Where I Have Never Been: Migration, Melancholia, and Memory in Asian American Narratives of Return, by Patricia P. Chu. In researching accounts of diasporic Chinese offspring who returned to their parents’ ancestral country, author Patricia Chu learned that she was not alone in the experience of growing up in America with an abstract affinity to an ancestral homeland and community. The bittersweet emotions she had are shared in Asian American literature that depicts migration-related melancholia, contests official histories, and portrays Asian American families as flexible and transpacific. Where I Have Never Been explores the tropes of return, tracing both literal return visits by Asian emigrants and symbolic “returns”: first visits by diasporic offspring. Chu argues that these Asian American narratives seek to remedy widely held anxieties about cultural loss and the erasure of personal and family histories from public memory.

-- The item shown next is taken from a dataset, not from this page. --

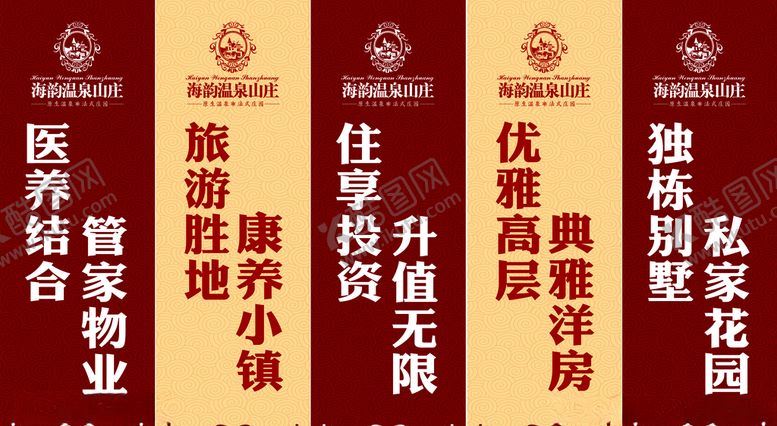 编号：57358609250216352374【酷图网】源文件下载-地产刀旗地产广告地产路旗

Sticky Rice: A Politics of Intraracial Desire, by Cynthia Wu, examines representations of same-sex desires and intraracial intimacies in some of the most widely read pieces of Asian American literature. Analyzing canonical works such as John Okada’s No-No Boy, Monique Truong’s The Book of Salt, H. T. Tsiang’s And China Has Hands, and Lois-Ann Yamanaka’s Blu’s Hanging, as well as Philip Kan Gotanda’s play, Yankee Dawg You Die, Wu considers how male relationships in these texts blur the boundaries among the homosocial, the homoerotic, and the homosexual in ways that lie beyond our concepts of modern gay identity. Wu lays bare the trope of male same-sex desires that grapple with how Asian America’s internal divides can be resolved in order to resist assimilation.